DATA:
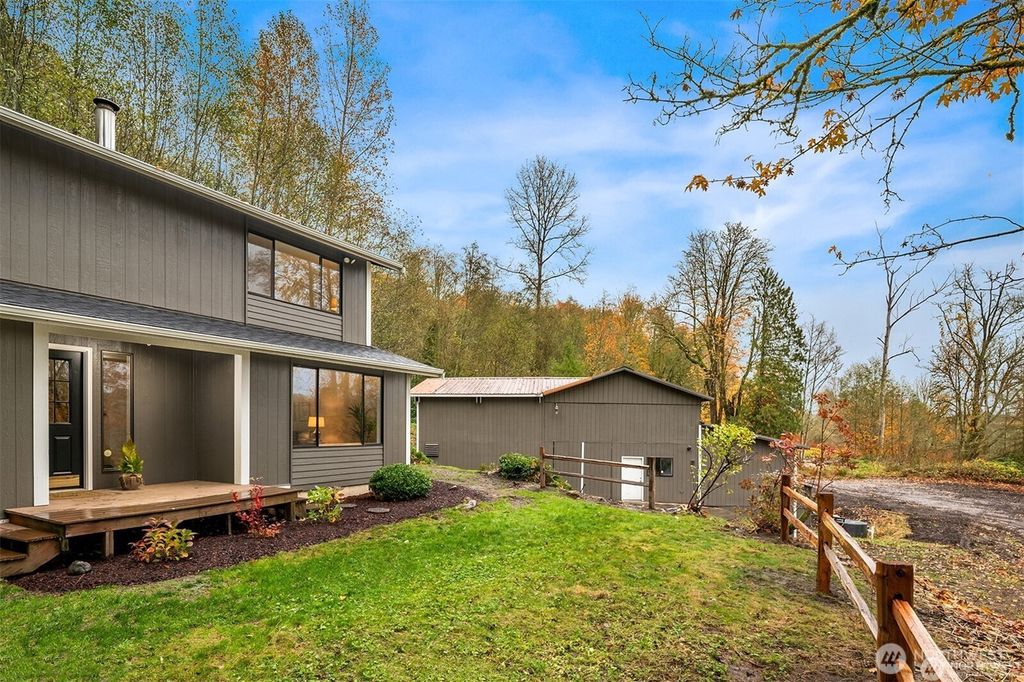 Photo of 10304 296th Avenue NE, Carnation, WA 98014 (MLS # 2468782)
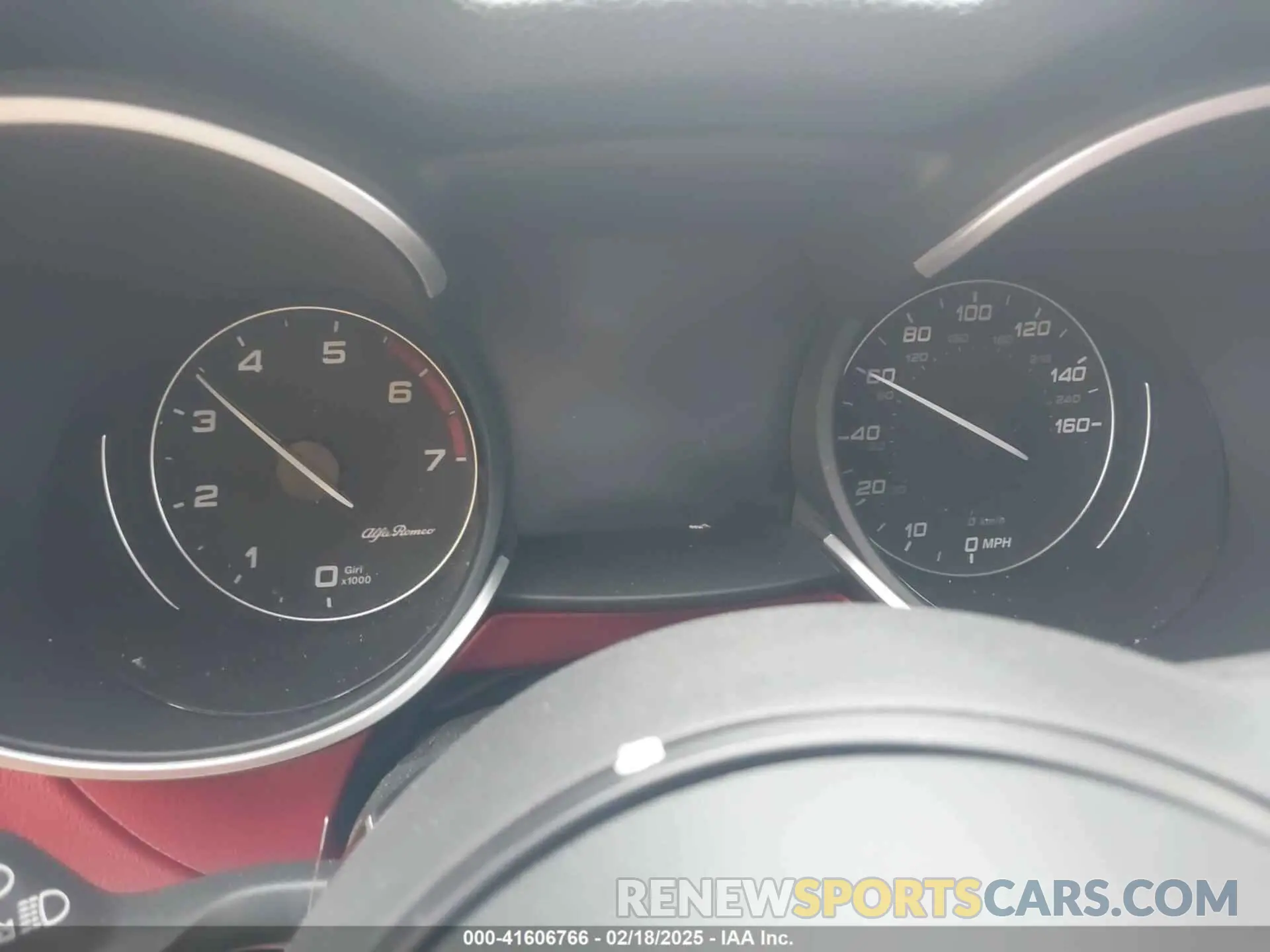 16 fotografías del automóvil dañado ZASPAJAN3L7C94007 ALFA ROMEO STELVIO 2020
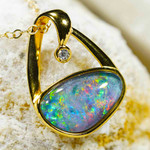 *COURTNEY LEIGH 18KT GOLD PLATED AUSTRALIAN OPAL NECKLACE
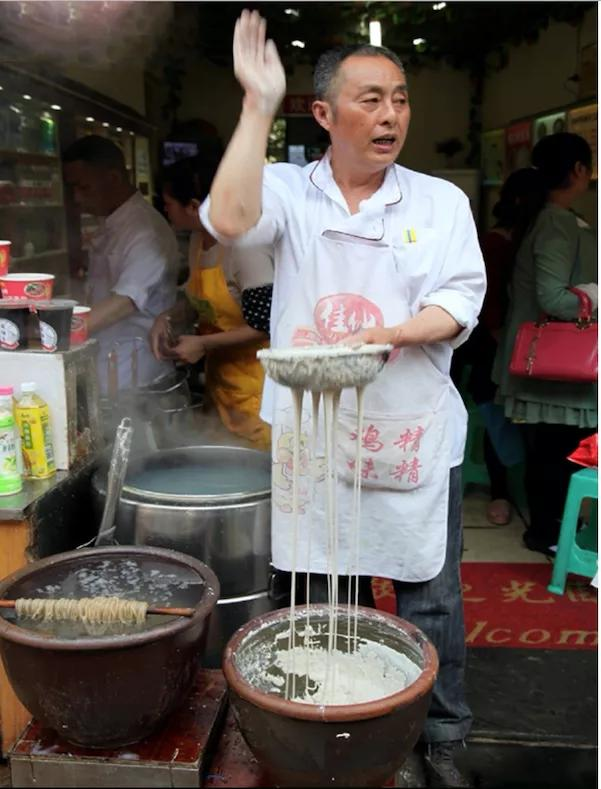 “最啰嗦”的淘宝店主：《非诚勿扰》激发灵感，8年卖出8000多份生意经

TASK STATEMENT:
Please return only the lines from the one holding "AUSTRALIAN OPAL NECKLACE" through the end of the data, both ends included; do not copy any pictures.

ANSWER BOX:
 *COURTNEY LEIGH 18KT GOLD PLATED AUSTRALIAN OPAL NECKLACE
 “最啰嗦”的淘宝店主：《非诚勿扰》激发灵感，8年卖出8000多份生意经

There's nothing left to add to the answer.